Al-Jaber’s nomination, however, drew immediate criticism. Harjeet Singh, who is the head of Global Political Strategy at Climate Action Network International, said al-Jaber being an oil company CEO posed “an unprecedented and alarming conflict of interest.”
“There can be no place for polluters at a climate conference, least of all presiding over a COP,” Singh said.
Alice Harrison of Global Witness put it even more bluntly: “You wouldn’t invite arms dealers to lead peace talks. So why let oil executives lead climate talks?” Greenpeace said it was “deeply alarmed” by al-Jaber’s appointment, adding: “This sets a dangerous precedent, risking the credibility of the UAE and the trust that has been placed in them.”

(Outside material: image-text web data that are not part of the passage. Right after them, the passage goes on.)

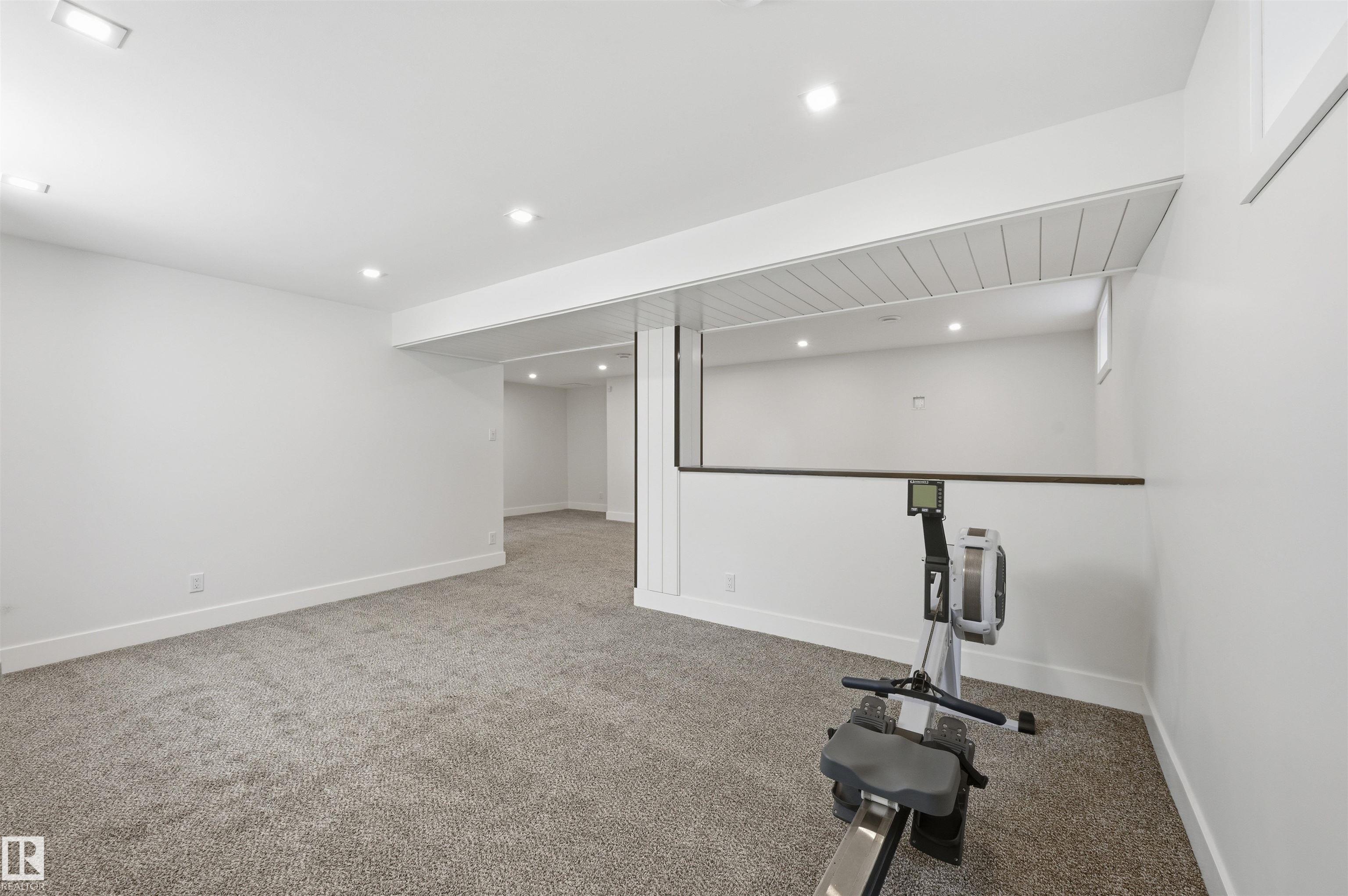 Photo 40 at 6015 92a Avenue NW, Ottewell, Edmonton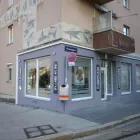 Unternehmen 7 Bild MARIA STARKL MOBILE HAND- U. FUSSPFLEGE Maniküresalons am Wien 9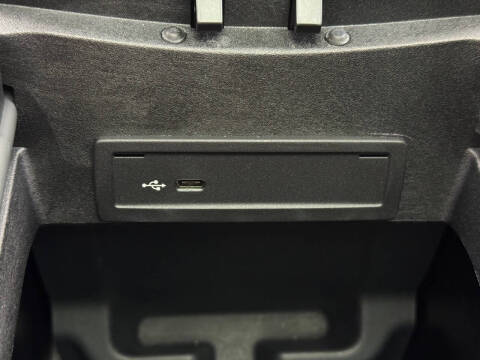 2022 Mercedes-Benz GLS Mercedes-Maybach GLS 600 4MATIC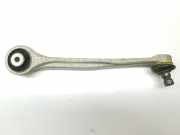 Bremsanker Stange Rechts Vorne 8K0407506R Audi 2.0 TDI ultra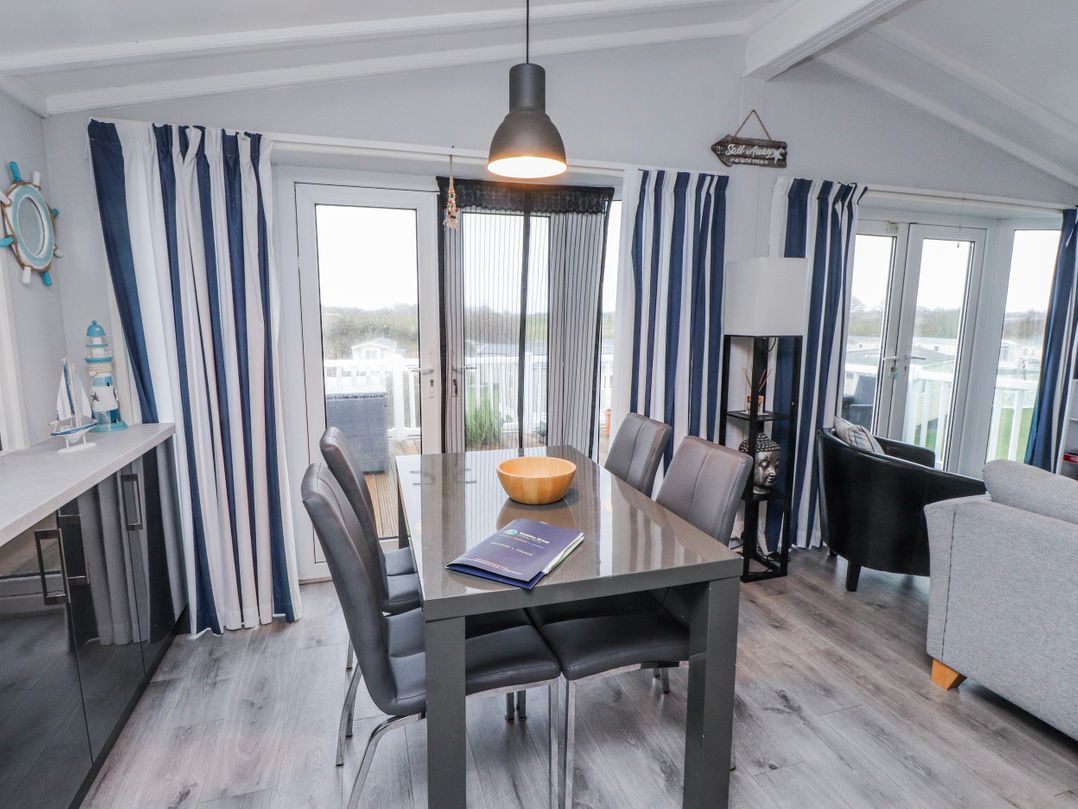 Mynydd View Anglesey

Each year, the country hosting the U.N. negotiations known as the Conference of the Parties — where COP gets its name — nominates a person to chair the talks. Hosts typically pick a veteran diplomat as the talks can be incredibly difficult to steer between competing nations and their interests. The nominee’s position as “COP president” is confirmed by delegates at the start of the talks, usually without objections.
U.N. spokesman Stephane Dujarric, asked about whether Secretary-General Antonio Guterres thinks someone involved with fossil fuels should head COP28, stressed that the United Nations has “absolutely no involvement” in the selection.